Speech recognition is diminished when a listener has an auditory temporal processing deficit. Such deficits occur in listeners over 65 years old with normal hearing (NH) and with age-related hearing loss, but their source is still unclear. These deficits may be especially apparent when speech occurs at a rapid rate and when a listener is mostly reliant on temporal information to recognize speech, such as when listening with a cochlear implant (CI) or to vocoded speech (a CI simulation). Assessment of the auditory temporal processing abilities of adults with CIs across a wide range of ages should better reveal central or cognitive sources of age-related deficits with rapid speech because CI stimulation bypasses much of the cochlear encoding that is affected by age-related peripheral hearing loss.
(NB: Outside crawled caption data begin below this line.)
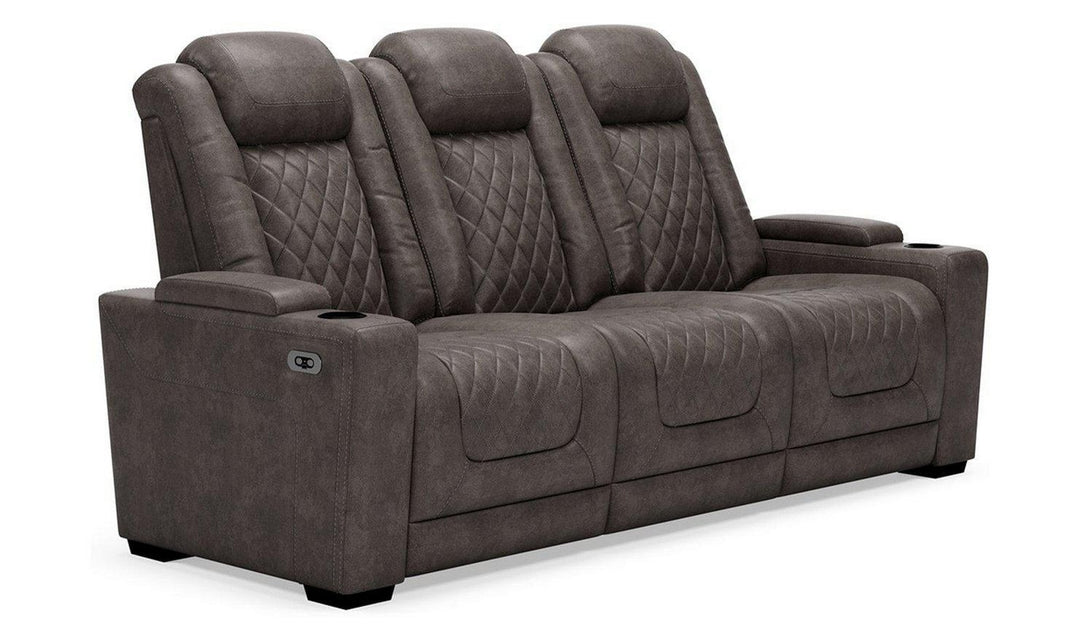 Modern Heritage HyllMont Gray Leather Tufted Living Room Set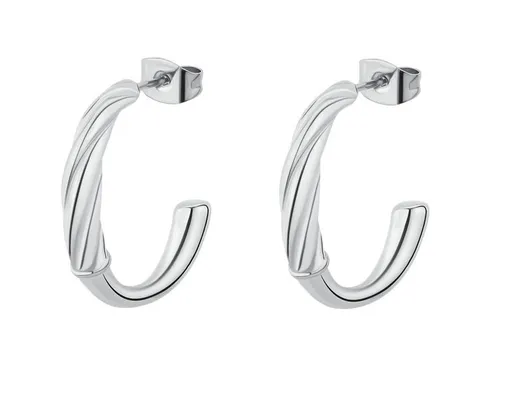 Brosway Cercei semicirculari din oțel Amy BAY26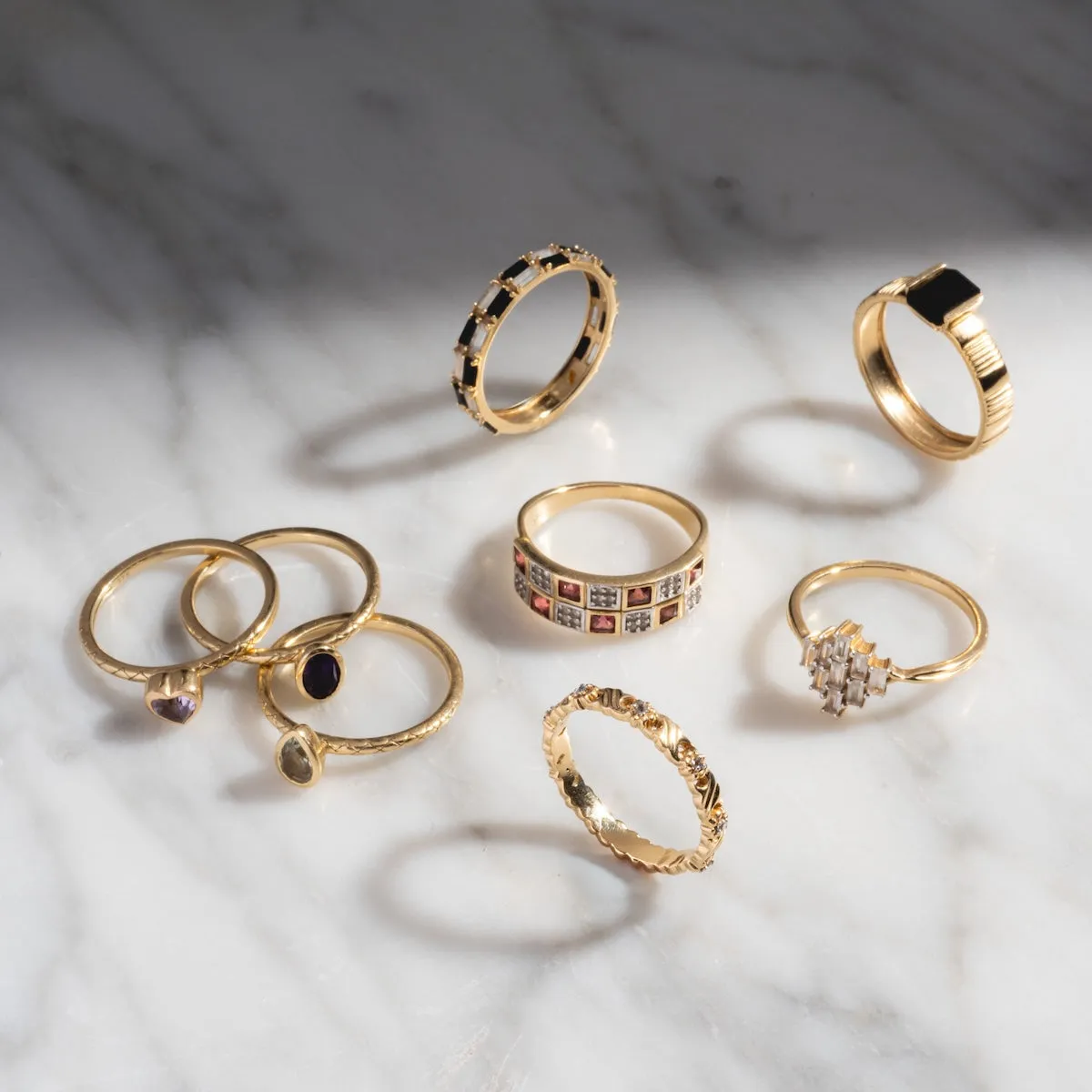 Solid Gold Vintage Inspired Sapphire Floral Band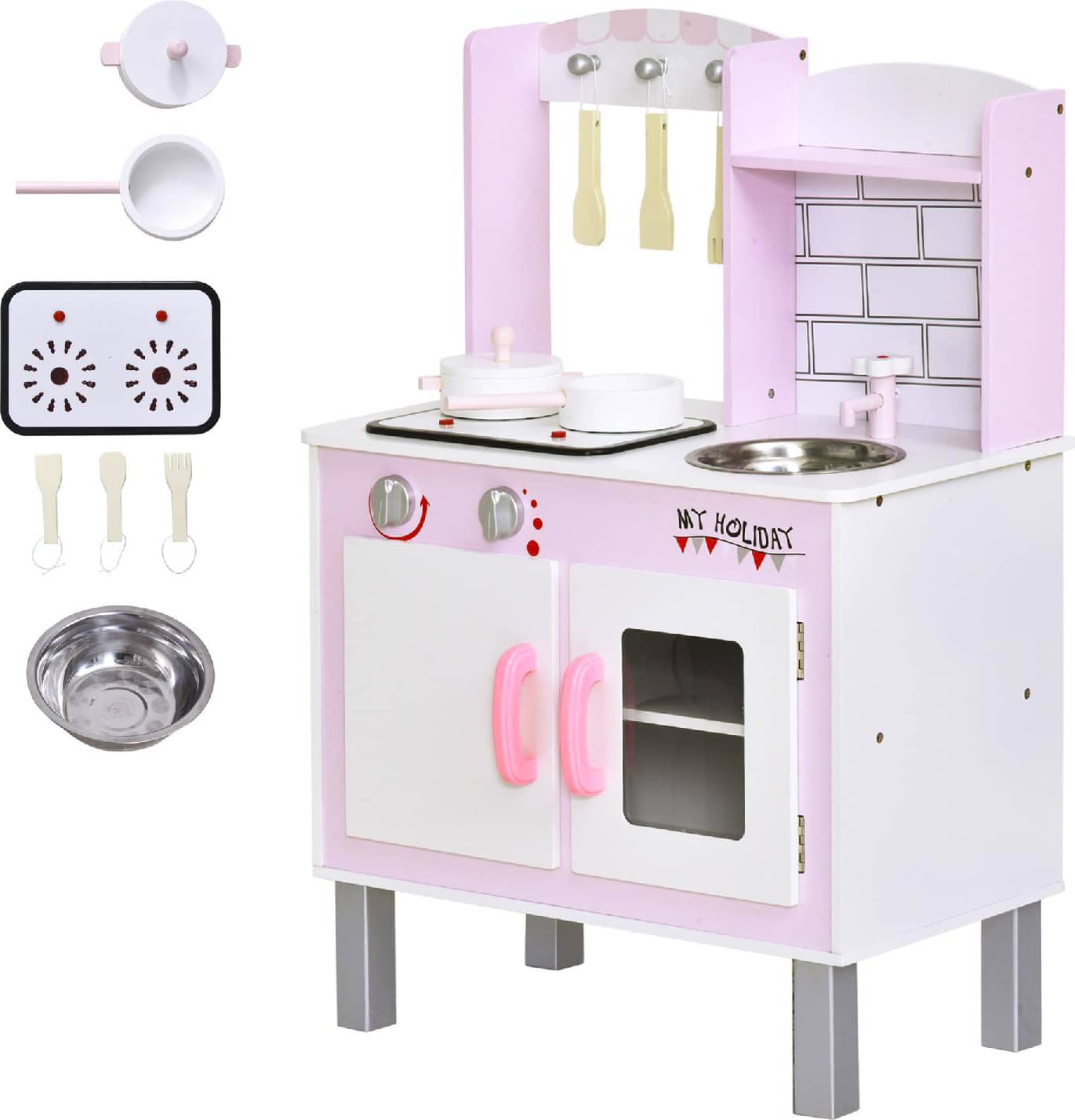 dechome 350081 Cucina Giocattolo Con Suoni E Accessori Playset Per Bambini Da 3+ Anni - 350081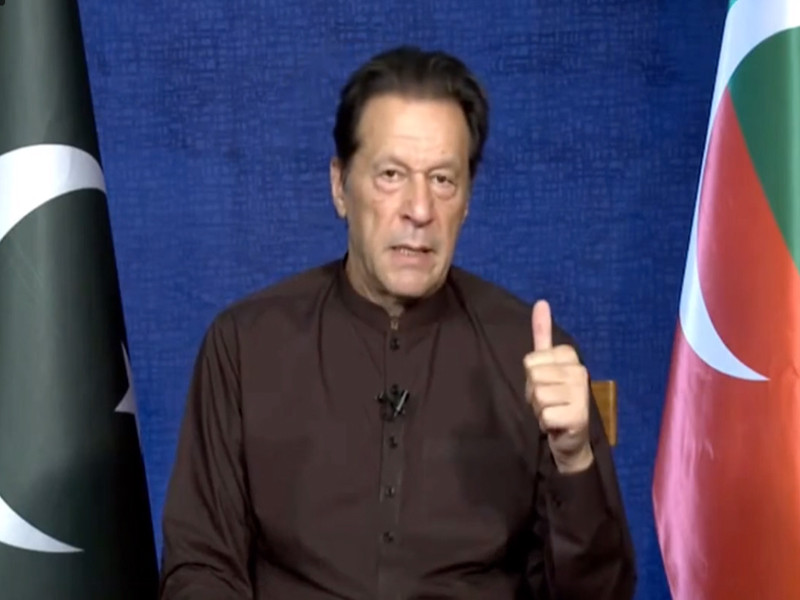 imran khan during the live session screengrab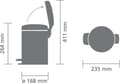 Miniatyrbild 2 av 8: Brabantia NewIcon Papperskorgen - 3 l - Furugrön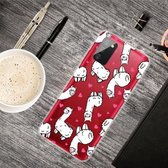 Voor Samsung Galaxy A02s schokbestendig geverfd transparant TPU beschermhoes (alpaca)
This study used time-compressed speech at four different degrees of time compression (0, 20, 40, and 60%) to challenge the auditory temporal processing abilities of younger, middle-aged, and older listeners with CIs or with NH. Listeners with NH were presented vocoded speech at four degrees of spectral resolution (unprocessed, 16, 8, and 4 channels). Results showed an interaction between age and degree of time compression. The reduction in speech recognition associated with faster rates of speech was greater for older adults than younger adults. The performance of the middle-aged listeners was more similar to that of the older listeners than to that of the younger listeners, especially at higher degrees of time compression. A measure of cognitive processing speed did not predict the effects of time compression. These results suggest that central auditory changes related to the aging process are at least partially responsible for the auditory temporal processing deficits seen in older listeners, rather than solely peripheral age-related changes.
当听众存在听觉时间处理缺陷时,语音识别能力会下降。这种缺陷在听力正常(NH)的65岁以上听众以及患有年龄相关性听力损失的听众中都会出现,但其根源仍不明确。当语音语速较快且听众主要依靠时间信息来识别语音时,这些缺陷可能会尤为明显,例如使用人工耳蜗(CI)聆听或聆听声码语音(人工耳蜗模拟)时。评估不同年龄段使用人工耳蜗的成年人的听觉时间处理能力,应能更好地揭示与快速语音相关的年龄相关性缺陷的中枢或认知根源,因为人工耳蜗刺激绕过了许多受年龄相关性外周听力损失影响的耳蜗编码。本研究使用了四种不同时间压缩程度(0%、20%、40%和60%)的时间压缩语音,来挑战使用人工耳蜗或听力正常的年轻、中年和老年听众的听觉时间处理能力。听力正常的听众聆听了四种频谱分辨率程度(未处理、16通道、8通道和4通道)的声码语音。结果显示年龄与时间压缩程度之间存在交互作用。与较快语速相关的语音识别下降在老年人中比在年轻人中更大。中年听众的表现与老年听众的表现更为相似,而与年轻听众的表现差异较大,尤其是在较高时间压缩程度时。认知处理速度的一项指标并不能预测时间压缩的影响。这些结果表明,与衰老过程相关的中枢听觉变化至少部分导致了老年听众出现的听觉时间处理缺陷,而不仅仅是与年龄相关的外周变化。